* [Work required]: Only the pictures are dropped; the lines of the material that follow are returned exactly.

* [Data shown]:

BEGIN

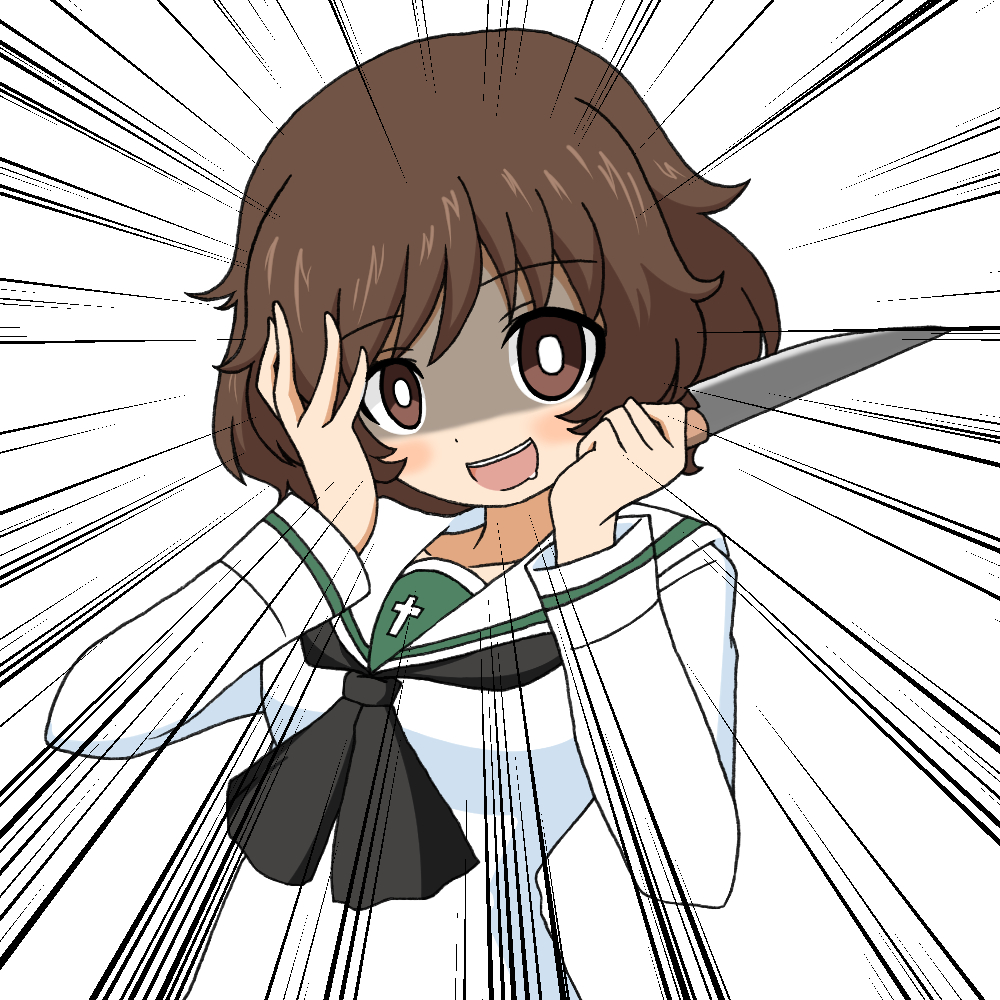 1girl akiyama_yukari bangs black_neckwear blouse brown_eyes brown_hair commentary_request crazy_eyes crazy_smile emphasis_lines girls_und_panzer hands_on_own_face holding holding_knife holding_weapon ichinose_jun knife long_sleeves looking_at_viewer messy_hair neckerchief ooarai_school_uniform open_mouth partial_commentary saliva school_uniform serafuku short_hair smile solo upper_body weapon white_background white_blouse white_pupils yandere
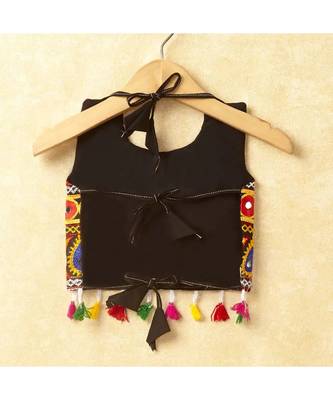 Banjara India Kutchi Emboidered Yellow Girls Chaniya Choli with Dupatta (CC DROP) - BLACK 5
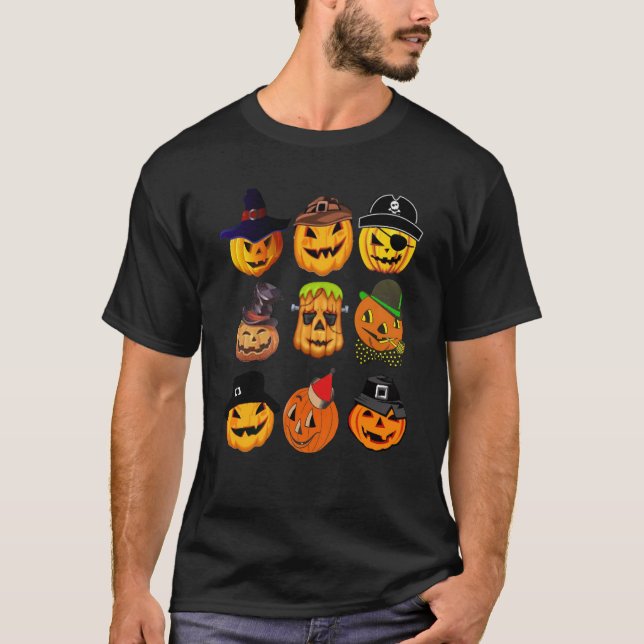 Halloween Pumpkin Carvings Collage Halloween Humou T-Shirt (Front)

END

* [Response to this exercise]:
 1girl akiyama_yukari bangs black_neckwear blouse brown_eyes brown_hair commentary_request crazy_eyes crazy_smile emphasis_lines girls_und_panzer hands_on_own_face holding holding_knife holding_weapon ichinose_jun knife long_sleeves looking_at_viewer messy_hair neckerchief ooarai_school_uniform open_mouth partial_commentary saliva school_uniform serafuku short_hair smile solo upper_body weapon white_background white_blouse white_pupils yandere
 Banjara India Kutchi Emboidered Yellow Girls Chaniya Choli with Dupatta (CC DROP) - BLACK 5
 Halloween Pumpkin Carvings Collage Halloween Humou T-Shirt (Front)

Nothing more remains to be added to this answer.